Story of America’s first mosque

Story of America’s first mosque

Muslim immigrants have a unique place in North Dakota and the U.S. history. Muslim settlers came to America looking for a place they could call home. And they found that place in North Dakota.
Sitting alone on the western North Dakota prairie is a monument to early pioneers. A monument unknown to people who live just six miles away in Stanley. Unknown to the decedents of the people who worshiped there, and descendants of people buried there.
This particular mosque is the first mosque ever built in America.
“During the homestead period,” Father William Sherman, who wrote the book on the first Muslim settlers, explains, “people were coming out here because of free land.”

The promise of land brought out settlers from what is now modern day Lebanon. Back then, the region was in Syria and was incorporated into the Ottoman Empire.
300 Muslim families came to the North Dakota. One of those immigrants was Ali Omar, who was about to be drafted into the Ottoman Army but he didn’t want to fight for the Ottoman Empire, so he came to the United States. He came to North Dakota in 1909. But it wasn’t until 20 years later that the first mosque in America was built. There was not enough of a community at that point that it was worth building a mosque. The mosque was built in 1929, a place where first Muslim settlers could practice their beliefs.

Without permanent religious leaders, the mosque fell out of use in the mid 1930s, the Great Depression and the Dust Bowl taking a toll on the Muslim population.

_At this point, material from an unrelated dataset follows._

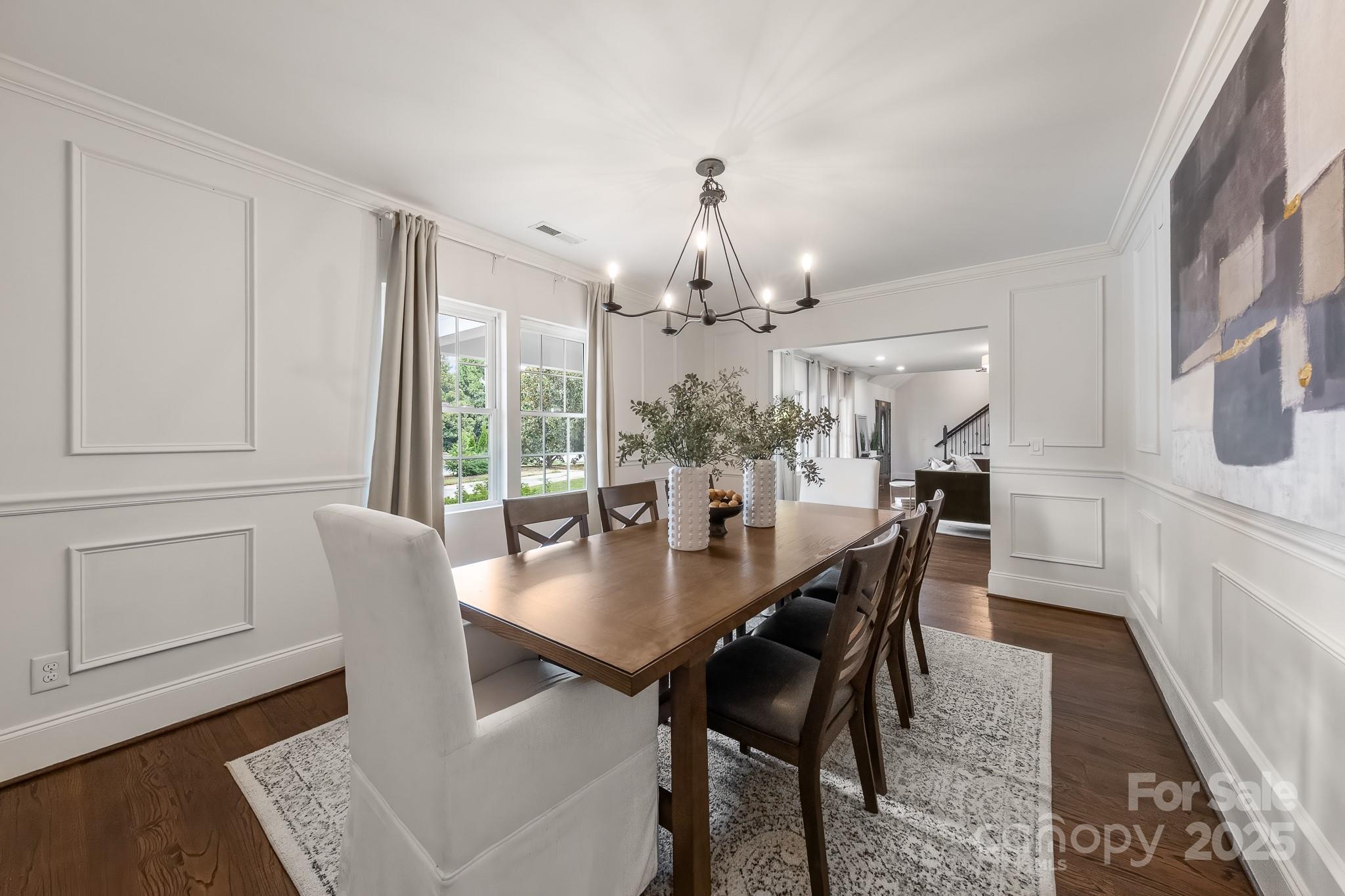 1121 S Wendover Road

Thus, many people went on to the west coast, where there was some jobs.

One could think that when the original mosque shut down and the worshippers that it would close the doors on this history in North Dakota. But more than 80 years later, their legacy lives on across the state. Descendants of the Muslim settlers have dotted the map. In Williston, Bismarck, the Red River Valley. A fact that shows how the immigrants were able to live in harmony with other early North Dakotans.

Despite the long history of Muslims in North Dakota anti-Muslim sentiment seems to be growing. Lutheran Social Services has been under fire for helping refugees resettle in Fargo. And a Somali-owned restaurant was fire-bombed in Grand Forks, after Nazi-themed graffiti was sprayed on the building.
People who know about the early Muslims say a lesson can be learned today. They hope the Muslim history can help create harmony in the present, and the future in North Dakota. Muslims from around the country make trips to visit the first American mosque. The mosque and cemetery are managed by the children and grandchildren of the original settlers. They are discussing the possibility of turning the care of the site over to the North Dakota State Historical Society.